Task statement: Every line below is to be copied exactly, with the pictures left out.

━━━━━ Available data ━━━━━

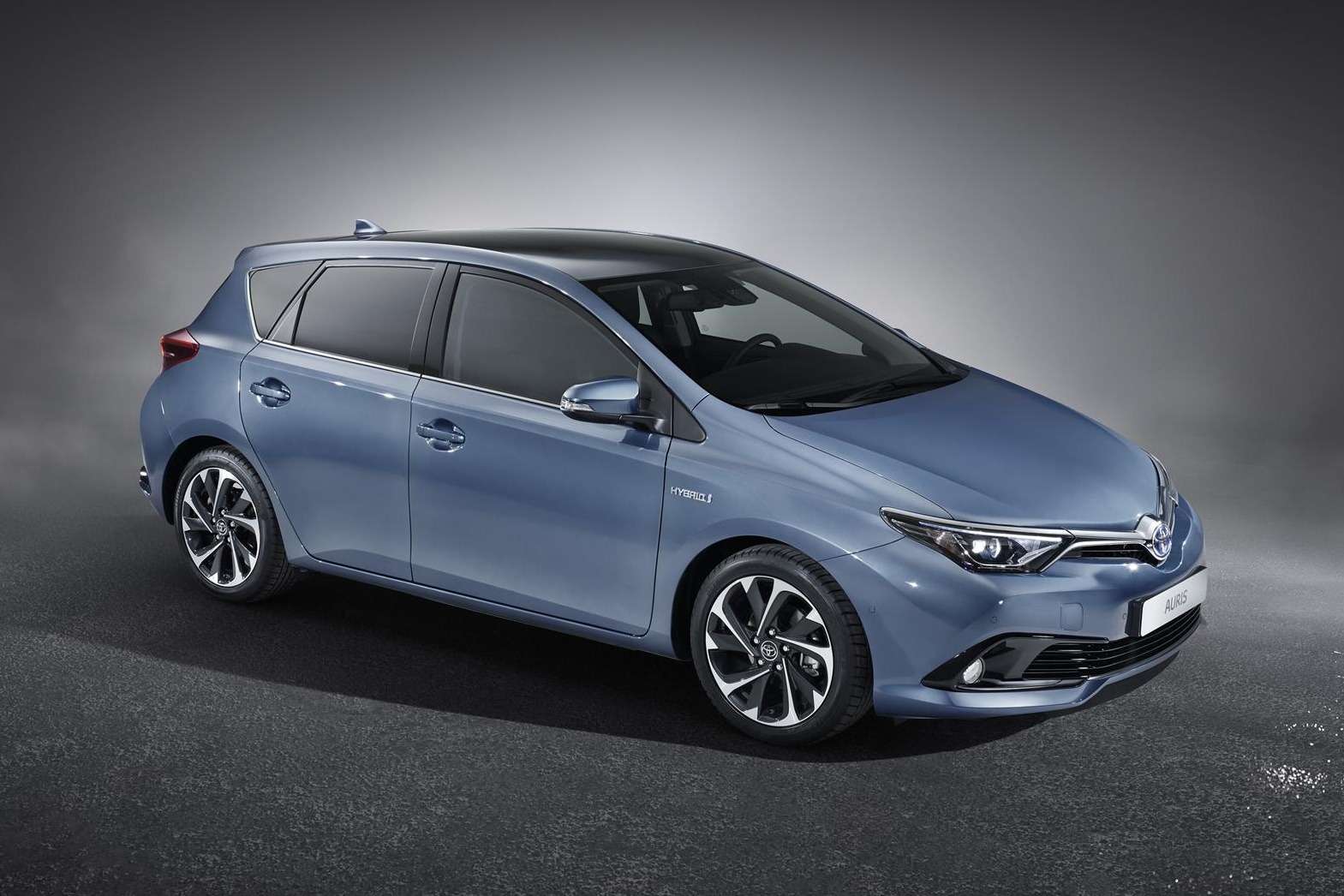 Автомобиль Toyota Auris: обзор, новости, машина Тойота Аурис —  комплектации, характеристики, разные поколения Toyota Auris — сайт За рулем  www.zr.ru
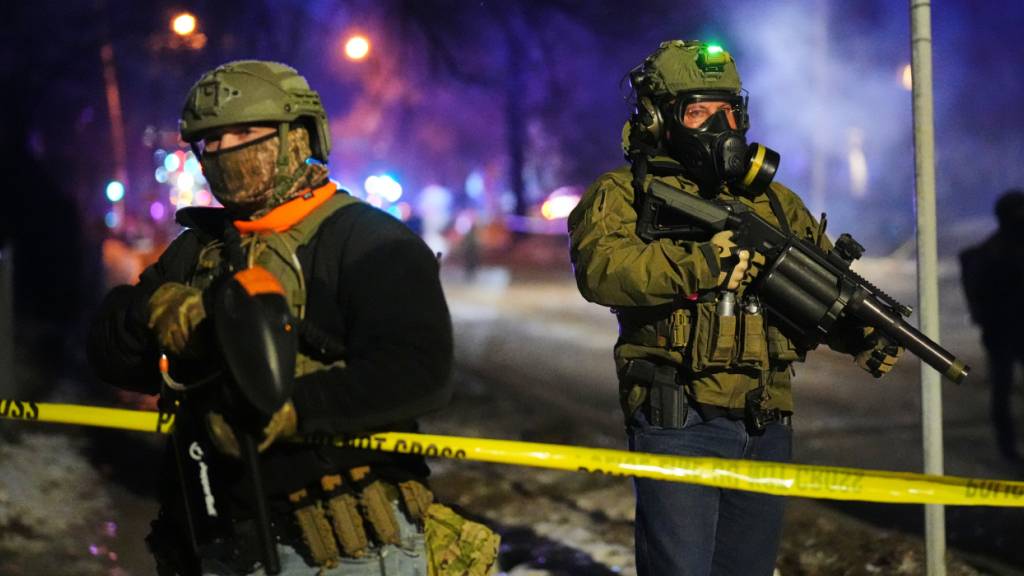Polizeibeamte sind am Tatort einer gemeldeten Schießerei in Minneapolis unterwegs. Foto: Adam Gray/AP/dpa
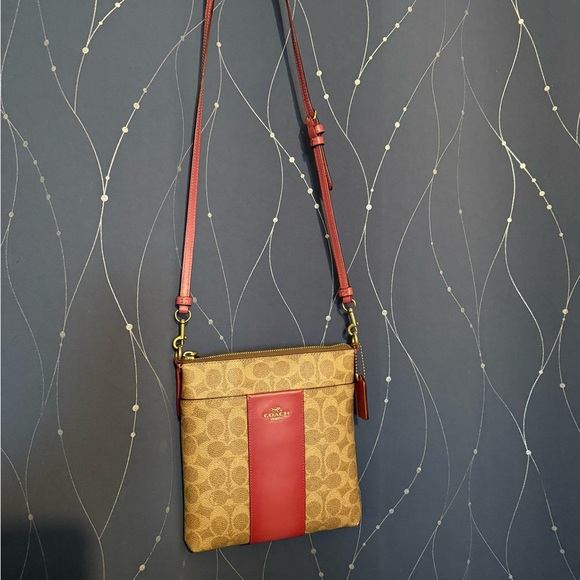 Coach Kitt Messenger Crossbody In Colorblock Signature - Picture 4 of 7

━━━━━

Written answer:
 Автомобиль Toyota Auris: обзор, новости, машина Тойота Аурис —  комплектации, характеристики, разные поколения Toyota Auris — сайт За рулем  www.zr.ru
Polizeibeamte sind am Tatort einer gemeldeten Schießerei in Minneapolis unterwegs. Foto: Adam Gray/AP/dpa
 Coach Kitt Messenger Crossbody In Colorblock Signature - Picture 4 of 7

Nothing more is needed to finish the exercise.